Monday, June 28, 2004

PopMatters column

This blog is meant to work in conjunction with the column I just started writing for PopMatters about consumerism. I don't know how often I'll post to it, but it seems like a thing columnists ought to do. Presumably I'll come across things in my daily life as a serious contemplater of consumerism and feel a burning need to annotate them as soon as possible for whatever audience I have hubristically posited foy myself. I can't say I have ever had this experience before, but perhaps it is only a matter of time, now that I've broken the seal on this thing.

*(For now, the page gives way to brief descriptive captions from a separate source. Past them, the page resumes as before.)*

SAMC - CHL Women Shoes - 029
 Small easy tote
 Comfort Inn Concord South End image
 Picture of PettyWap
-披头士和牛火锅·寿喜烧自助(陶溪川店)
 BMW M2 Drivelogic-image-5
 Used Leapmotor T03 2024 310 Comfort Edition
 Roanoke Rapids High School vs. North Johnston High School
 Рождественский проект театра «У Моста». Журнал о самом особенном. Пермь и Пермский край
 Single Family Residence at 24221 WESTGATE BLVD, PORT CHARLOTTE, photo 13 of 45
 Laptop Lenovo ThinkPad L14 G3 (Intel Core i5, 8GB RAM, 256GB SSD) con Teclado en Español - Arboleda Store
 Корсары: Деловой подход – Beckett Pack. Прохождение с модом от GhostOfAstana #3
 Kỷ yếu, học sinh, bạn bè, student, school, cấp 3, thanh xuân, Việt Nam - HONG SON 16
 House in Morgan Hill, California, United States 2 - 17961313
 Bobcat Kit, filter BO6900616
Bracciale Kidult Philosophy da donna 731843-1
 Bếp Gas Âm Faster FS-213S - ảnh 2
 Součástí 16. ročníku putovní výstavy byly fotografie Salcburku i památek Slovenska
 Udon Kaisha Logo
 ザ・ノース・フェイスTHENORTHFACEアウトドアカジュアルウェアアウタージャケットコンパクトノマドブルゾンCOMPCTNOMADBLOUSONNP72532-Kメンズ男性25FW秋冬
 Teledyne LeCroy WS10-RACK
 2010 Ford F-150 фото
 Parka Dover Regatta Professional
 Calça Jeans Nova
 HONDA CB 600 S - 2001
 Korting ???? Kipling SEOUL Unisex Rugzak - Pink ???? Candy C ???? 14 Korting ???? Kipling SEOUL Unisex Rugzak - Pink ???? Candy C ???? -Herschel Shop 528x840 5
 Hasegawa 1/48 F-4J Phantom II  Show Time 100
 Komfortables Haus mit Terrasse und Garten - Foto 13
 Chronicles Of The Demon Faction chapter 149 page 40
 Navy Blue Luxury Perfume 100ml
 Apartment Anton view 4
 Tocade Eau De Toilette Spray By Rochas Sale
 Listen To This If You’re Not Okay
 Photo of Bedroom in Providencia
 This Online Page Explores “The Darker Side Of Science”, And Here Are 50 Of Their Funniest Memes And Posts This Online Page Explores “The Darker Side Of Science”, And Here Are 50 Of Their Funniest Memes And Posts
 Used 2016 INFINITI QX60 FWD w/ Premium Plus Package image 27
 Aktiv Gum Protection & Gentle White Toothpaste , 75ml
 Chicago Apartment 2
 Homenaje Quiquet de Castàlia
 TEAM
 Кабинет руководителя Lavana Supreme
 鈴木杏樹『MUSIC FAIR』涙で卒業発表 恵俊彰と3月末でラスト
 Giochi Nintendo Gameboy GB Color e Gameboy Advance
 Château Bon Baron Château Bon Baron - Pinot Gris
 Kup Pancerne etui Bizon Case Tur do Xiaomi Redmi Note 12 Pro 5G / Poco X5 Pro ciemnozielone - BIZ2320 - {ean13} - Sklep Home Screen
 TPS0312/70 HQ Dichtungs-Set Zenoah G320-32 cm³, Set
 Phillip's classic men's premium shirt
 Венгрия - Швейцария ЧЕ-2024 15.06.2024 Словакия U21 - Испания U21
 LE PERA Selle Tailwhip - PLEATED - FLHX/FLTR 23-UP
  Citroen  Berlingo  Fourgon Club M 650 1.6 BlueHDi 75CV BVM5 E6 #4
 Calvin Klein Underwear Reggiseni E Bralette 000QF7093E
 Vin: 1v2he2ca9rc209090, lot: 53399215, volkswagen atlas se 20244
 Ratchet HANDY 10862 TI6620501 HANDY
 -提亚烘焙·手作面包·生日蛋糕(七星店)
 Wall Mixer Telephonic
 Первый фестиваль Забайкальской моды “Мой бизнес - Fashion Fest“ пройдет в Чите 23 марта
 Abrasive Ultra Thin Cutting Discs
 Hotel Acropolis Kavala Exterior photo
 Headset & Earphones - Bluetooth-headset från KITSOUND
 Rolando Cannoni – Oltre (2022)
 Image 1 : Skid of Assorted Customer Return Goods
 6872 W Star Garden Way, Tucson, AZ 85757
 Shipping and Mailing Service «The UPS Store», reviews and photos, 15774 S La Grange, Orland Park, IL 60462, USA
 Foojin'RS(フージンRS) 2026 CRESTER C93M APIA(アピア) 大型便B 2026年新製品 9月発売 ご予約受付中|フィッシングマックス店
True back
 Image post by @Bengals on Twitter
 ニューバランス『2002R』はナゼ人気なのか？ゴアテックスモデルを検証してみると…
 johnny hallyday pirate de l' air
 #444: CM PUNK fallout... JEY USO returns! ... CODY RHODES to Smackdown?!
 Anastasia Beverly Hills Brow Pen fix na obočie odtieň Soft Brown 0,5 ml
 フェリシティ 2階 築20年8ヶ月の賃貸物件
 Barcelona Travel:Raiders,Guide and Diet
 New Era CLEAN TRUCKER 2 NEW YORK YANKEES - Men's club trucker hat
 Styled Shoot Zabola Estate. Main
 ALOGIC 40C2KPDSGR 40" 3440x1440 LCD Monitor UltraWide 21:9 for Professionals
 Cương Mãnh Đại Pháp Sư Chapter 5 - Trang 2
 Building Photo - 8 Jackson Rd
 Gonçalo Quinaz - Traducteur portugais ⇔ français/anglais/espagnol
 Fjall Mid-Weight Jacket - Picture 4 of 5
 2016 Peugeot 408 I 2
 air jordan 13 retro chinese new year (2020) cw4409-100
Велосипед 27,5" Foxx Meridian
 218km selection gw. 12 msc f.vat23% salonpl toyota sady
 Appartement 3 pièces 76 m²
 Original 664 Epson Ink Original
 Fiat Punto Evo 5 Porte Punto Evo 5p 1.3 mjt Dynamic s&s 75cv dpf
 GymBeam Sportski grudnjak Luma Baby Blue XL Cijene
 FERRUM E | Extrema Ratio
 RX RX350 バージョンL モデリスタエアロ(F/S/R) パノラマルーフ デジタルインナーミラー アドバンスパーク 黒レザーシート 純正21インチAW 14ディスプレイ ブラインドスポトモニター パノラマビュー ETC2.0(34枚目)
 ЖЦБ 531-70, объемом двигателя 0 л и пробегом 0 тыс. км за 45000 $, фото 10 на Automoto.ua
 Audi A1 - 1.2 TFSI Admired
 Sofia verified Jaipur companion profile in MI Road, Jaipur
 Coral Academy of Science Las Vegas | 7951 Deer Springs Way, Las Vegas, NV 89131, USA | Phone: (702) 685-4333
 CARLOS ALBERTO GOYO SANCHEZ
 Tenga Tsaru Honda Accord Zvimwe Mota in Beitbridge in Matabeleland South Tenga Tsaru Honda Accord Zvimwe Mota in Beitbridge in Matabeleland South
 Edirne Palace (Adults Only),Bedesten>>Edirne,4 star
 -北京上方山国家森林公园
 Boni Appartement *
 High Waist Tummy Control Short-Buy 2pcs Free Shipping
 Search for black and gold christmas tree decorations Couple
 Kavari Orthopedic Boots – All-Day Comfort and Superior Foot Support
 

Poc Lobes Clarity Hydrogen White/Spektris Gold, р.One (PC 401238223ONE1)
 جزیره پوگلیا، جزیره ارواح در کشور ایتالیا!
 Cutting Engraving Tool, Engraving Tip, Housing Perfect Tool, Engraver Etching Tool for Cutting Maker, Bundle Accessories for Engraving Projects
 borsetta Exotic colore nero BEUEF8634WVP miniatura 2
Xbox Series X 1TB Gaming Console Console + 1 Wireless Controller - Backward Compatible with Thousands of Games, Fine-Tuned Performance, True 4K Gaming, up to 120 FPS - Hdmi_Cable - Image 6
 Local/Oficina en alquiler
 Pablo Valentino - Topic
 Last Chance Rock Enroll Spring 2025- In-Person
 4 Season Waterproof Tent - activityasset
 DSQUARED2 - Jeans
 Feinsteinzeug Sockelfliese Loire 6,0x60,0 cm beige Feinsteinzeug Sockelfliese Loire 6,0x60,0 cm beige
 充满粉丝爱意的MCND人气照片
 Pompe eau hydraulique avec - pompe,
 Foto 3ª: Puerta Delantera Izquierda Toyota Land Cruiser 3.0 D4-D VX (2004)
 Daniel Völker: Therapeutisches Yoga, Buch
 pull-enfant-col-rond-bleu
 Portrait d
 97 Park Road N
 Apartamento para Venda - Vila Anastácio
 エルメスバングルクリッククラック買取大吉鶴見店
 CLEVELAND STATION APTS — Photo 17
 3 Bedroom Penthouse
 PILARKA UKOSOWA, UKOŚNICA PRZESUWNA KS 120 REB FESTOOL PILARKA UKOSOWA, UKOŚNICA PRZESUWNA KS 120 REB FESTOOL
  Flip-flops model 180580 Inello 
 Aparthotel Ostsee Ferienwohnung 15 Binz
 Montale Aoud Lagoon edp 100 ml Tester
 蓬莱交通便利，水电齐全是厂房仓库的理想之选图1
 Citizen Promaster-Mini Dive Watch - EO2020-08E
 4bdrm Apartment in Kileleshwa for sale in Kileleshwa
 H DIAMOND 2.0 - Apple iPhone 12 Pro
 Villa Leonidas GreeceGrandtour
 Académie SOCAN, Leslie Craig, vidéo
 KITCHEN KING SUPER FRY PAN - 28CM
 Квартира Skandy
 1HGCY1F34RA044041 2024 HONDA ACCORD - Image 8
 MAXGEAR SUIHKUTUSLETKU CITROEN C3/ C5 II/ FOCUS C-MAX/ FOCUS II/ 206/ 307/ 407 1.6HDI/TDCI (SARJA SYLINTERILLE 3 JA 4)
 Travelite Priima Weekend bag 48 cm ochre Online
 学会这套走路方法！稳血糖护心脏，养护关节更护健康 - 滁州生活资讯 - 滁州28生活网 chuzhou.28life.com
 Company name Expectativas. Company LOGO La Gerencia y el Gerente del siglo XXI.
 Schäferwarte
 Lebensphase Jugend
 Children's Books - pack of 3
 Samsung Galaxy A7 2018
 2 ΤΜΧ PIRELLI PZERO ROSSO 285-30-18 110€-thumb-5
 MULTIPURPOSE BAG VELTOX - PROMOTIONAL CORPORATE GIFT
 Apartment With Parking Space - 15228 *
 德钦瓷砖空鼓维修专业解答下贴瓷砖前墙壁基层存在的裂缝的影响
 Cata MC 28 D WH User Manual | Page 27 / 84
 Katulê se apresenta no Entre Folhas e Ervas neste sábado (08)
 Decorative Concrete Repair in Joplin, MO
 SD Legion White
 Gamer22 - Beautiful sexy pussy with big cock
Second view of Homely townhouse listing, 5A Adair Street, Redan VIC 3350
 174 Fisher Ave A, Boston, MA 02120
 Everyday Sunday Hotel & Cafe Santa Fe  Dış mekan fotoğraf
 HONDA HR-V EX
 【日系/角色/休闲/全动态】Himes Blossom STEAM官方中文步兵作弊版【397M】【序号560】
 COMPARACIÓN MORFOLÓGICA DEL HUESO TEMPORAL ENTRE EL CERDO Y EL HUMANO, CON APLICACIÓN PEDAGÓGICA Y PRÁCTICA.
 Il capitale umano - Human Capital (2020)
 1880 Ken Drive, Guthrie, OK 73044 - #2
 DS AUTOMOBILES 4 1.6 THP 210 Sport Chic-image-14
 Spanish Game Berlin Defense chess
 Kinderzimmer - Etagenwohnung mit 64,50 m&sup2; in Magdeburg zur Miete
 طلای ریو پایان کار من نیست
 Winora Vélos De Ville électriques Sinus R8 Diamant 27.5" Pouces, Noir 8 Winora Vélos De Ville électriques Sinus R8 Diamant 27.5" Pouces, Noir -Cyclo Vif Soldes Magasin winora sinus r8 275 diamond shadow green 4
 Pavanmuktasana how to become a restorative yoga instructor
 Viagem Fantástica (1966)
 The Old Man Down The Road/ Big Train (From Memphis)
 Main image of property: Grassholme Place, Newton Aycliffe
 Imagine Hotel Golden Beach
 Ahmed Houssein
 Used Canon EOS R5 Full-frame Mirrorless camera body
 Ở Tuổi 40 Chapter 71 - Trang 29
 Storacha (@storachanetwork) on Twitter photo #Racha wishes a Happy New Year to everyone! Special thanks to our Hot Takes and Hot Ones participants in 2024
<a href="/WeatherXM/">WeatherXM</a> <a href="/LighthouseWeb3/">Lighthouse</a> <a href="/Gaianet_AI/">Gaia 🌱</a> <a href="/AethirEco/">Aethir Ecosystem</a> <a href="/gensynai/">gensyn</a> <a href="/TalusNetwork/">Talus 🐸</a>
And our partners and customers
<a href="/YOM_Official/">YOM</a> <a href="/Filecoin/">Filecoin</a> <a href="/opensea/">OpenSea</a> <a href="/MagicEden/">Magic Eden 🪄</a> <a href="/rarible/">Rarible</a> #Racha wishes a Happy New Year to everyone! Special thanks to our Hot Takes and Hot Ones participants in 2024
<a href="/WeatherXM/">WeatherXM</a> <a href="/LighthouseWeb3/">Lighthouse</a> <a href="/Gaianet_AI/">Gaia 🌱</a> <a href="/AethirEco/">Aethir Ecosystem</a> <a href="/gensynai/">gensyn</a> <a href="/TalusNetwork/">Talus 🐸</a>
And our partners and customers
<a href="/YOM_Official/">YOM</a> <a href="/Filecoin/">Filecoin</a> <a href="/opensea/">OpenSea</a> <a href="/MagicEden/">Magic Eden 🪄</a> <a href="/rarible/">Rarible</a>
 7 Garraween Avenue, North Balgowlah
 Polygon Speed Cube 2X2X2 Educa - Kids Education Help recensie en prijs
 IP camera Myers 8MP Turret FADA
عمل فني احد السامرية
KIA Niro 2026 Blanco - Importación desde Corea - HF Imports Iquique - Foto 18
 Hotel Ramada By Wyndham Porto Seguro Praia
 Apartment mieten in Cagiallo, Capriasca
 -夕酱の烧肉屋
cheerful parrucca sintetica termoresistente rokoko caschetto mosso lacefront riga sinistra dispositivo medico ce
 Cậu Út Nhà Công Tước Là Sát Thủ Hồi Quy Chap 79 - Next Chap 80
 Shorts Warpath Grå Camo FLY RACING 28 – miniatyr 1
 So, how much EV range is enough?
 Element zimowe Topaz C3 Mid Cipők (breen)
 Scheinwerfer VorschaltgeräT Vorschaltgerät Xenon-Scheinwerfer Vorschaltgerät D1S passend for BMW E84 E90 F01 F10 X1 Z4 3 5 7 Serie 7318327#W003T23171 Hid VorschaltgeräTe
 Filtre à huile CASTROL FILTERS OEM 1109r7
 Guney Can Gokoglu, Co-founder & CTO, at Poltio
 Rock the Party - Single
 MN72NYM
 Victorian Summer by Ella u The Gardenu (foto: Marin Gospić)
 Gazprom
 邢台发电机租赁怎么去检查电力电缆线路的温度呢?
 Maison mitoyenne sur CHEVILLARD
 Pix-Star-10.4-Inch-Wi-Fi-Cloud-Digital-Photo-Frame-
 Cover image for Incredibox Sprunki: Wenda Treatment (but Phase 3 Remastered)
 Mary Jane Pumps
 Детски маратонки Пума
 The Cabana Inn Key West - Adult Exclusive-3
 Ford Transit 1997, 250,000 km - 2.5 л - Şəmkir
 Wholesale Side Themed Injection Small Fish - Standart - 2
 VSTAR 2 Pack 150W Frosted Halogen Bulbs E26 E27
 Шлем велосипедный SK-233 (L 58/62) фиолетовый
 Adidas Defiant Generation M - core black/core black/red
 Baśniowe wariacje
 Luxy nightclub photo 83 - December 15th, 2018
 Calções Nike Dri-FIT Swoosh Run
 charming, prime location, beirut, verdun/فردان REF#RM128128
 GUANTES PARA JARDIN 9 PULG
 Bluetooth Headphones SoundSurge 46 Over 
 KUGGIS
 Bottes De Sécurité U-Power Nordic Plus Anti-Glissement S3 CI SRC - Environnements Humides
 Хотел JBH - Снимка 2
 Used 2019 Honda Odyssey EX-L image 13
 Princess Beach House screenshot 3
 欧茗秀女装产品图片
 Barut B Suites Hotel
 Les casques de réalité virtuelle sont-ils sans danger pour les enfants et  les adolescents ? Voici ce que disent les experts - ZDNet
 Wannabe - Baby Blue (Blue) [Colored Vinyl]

It seems like a place to log future column ideas as they occur to me, so I will know where to find them. For instance, there's the war on logic mounted by TV ads. I don't watch much TV outside of sports events, but the ads I see during them freak me out. I am convinced that advertisers have collectively stumbled upon a strategy that invovles breaking down the viewers use of logic by inserting as many non sequiturs as possible, figuring that once the viewer loses the power to reason, he'll be more susceptible to the irrational lures designed to get him to buy Ford trucks or light beer. The point must be convince you that illogicality is delightfully whimsical, much more fun than dreary old reasonability. And by purchasing whatever item the ad is pushing, you are able to bypass reason and head straight for that fun world of whimsey yourself. All and all, another example of America's characteristic and pervasive anti-intellectualism.